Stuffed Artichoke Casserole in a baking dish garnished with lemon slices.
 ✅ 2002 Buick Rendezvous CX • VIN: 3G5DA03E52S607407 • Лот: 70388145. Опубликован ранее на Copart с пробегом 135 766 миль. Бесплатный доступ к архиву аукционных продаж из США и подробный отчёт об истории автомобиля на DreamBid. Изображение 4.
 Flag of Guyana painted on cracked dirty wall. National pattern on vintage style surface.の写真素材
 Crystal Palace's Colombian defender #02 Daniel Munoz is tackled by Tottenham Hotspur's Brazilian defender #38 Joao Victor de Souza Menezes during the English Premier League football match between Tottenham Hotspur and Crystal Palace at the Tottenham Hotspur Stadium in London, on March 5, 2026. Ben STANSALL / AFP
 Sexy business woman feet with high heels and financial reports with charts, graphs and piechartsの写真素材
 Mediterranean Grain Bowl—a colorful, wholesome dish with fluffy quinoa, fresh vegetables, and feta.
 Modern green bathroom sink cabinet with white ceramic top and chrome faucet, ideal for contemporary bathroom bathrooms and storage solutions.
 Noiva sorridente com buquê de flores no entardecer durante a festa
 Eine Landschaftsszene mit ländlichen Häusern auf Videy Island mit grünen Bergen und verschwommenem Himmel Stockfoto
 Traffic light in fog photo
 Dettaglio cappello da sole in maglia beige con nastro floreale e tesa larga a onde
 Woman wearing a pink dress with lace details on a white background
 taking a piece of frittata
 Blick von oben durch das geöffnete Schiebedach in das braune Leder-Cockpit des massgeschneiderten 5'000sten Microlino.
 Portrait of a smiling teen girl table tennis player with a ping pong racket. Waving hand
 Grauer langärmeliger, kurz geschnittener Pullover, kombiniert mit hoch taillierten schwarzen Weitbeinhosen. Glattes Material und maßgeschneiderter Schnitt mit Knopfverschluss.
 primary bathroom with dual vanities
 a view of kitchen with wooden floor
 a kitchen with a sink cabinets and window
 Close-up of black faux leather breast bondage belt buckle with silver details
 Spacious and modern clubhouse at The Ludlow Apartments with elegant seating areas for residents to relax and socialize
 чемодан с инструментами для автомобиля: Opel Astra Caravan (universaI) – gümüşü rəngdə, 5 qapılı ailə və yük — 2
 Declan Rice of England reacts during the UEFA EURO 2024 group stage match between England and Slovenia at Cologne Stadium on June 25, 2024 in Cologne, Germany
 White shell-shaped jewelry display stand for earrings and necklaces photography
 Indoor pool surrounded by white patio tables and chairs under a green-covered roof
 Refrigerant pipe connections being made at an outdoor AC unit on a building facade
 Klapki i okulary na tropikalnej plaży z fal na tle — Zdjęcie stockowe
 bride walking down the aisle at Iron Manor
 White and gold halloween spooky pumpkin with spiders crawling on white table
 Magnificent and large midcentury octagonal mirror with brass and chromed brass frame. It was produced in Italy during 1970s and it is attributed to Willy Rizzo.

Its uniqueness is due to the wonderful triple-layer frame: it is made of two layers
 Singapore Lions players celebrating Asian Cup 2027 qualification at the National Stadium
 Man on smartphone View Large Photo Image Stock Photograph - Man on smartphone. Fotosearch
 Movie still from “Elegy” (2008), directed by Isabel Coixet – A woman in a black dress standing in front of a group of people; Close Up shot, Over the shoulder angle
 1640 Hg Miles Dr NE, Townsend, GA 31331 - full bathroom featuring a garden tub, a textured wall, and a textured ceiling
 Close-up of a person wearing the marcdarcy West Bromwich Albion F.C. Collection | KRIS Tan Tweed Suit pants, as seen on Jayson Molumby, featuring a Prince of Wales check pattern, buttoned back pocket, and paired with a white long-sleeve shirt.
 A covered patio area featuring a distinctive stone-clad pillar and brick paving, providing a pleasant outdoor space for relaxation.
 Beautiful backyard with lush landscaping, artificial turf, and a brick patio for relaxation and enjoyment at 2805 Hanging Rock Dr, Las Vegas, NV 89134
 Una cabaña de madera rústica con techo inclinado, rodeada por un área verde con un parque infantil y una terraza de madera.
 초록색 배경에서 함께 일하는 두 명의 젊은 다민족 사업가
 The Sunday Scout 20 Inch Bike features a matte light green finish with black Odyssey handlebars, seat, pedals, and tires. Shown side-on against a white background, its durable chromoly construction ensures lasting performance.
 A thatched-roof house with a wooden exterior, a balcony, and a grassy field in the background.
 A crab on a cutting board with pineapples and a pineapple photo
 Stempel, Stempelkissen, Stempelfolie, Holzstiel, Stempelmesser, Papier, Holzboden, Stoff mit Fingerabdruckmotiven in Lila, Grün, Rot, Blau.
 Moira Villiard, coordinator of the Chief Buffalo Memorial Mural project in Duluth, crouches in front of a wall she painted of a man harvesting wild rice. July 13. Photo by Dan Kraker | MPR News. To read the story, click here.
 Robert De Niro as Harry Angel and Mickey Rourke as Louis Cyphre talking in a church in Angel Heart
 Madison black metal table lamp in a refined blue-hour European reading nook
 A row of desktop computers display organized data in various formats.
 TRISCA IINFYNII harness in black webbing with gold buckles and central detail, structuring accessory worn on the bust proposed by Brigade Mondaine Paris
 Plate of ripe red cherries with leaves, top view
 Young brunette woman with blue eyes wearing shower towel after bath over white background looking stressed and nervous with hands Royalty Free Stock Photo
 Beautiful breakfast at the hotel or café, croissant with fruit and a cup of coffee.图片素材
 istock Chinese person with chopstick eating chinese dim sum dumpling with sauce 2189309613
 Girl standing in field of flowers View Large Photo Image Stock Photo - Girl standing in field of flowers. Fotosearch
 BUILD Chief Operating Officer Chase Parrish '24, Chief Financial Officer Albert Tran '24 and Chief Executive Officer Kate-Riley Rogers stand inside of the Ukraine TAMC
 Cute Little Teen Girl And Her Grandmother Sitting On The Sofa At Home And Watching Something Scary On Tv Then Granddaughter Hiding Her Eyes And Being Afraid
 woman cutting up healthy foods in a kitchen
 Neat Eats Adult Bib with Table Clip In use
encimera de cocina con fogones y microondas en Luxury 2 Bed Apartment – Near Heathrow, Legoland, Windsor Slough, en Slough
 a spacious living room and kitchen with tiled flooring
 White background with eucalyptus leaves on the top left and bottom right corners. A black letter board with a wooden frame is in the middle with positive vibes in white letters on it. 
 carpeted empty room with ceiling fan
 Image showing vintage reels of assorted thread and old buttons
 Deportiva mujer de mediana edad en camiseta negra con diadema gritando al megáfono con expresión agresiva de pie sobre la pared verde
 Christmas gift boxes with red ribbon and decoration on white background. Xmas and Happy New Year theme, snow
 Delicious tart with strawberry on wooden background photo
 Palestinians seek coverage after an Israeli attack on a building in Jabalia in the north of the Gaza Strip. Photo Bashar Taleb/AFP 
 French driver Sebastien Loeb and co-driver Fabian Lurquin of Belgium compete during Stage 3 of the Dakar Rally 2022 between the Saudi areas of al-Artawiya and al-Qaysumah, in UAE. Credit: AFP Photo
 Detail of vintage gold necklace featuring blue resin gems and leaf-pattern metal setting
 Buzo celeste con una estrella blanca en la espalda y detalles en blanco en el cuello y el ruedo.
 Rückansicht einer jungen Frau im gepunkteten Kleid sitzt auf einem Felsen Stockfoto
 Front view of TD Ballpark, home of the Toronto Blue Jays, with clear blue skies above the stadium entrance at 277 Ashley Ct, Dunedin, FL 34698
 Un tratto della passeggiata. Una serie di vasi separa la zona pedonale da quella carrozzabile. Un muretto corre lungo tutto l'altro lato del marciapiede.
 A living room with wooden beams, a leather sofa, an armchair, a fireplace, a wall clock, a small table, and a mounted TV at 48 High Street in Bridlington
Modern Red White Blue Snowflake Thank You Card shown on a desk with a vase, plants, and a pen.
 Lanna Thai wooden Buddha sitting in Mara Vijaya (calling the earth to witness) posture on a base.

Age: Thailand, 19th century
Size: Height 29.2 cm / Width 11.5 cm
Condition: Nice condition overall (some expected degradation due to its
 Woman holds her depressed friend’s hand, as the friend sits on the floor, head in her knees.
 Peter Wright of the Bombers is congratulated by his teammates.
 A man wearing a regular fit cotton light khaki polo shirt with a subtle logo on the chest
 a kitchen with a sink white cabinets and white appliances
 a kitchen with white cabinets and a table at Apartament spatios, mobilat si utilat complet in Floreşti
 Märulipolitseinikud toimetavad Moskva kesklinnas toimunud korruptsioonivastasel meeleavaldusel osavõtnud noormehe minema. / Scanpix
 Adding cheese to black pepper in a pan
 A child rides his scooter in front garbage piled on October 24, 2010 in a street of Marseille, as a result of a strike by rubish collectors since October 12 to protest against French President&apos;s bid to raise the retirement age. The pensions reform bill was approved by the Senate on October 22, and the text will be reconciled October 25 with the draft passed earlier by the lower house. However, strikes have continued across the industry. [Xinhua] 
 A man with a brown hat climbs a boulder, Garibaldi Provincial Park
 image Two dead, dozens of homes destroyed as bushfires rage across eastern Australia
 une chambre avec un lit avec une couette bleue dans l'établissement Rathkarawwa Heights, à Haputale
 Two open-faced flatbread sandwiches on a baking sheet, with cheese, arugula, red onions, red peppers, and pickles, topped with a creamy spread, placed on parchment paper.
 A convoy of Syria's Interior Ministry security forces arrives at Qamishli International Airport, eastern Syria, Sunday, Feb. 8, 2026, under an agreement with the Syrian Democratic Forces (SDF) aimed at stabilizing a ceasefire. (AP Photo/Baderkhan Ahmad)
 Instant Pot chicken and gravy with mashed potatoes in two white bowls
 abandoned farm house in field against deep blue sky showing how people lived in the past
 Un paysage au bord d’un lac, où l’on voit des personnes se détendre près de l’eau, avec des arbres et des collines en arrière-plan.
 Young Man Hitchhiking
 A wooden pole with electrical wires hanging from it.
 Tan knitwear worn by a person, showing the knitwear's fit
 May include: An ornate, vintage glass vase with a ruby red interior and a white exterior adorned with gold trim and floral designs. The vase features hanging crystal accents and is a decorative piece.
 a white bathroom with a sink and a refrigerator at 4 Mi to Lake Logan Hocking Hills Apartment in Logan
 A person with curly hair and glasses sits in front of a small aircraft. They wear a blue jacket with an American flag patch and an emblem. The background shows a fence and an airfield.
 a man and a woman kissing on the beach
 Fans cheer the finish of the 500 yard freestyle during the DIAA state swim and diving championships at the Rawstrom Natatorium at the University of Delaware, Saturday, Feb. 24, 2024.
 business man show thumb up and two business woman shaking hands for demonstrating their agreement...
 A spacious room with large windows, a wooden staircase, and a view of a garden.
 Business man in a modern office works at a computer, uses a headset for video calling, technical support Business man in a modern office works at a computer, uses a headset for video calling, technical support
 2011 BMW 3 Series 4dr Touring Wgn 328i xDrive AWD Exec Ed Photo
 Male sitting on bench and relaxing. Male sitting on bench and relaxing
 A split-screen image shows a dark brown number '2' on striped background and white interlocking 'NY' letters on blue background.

§ **TO DO**
In the listing above, find the line holding "TRISCA IINFYNII harness" and the line holding "Plate of ripe", then output those two lines and every line between them exactly.

§ **EXERCISE ANSWER**
 TRISCA IINFYNII harness in black webbing with gold buckles and central detail, structuring accessory worn on the bust proposed by Brigade Mondaine Paris
 Plate of ripe red cherries with leaves, top view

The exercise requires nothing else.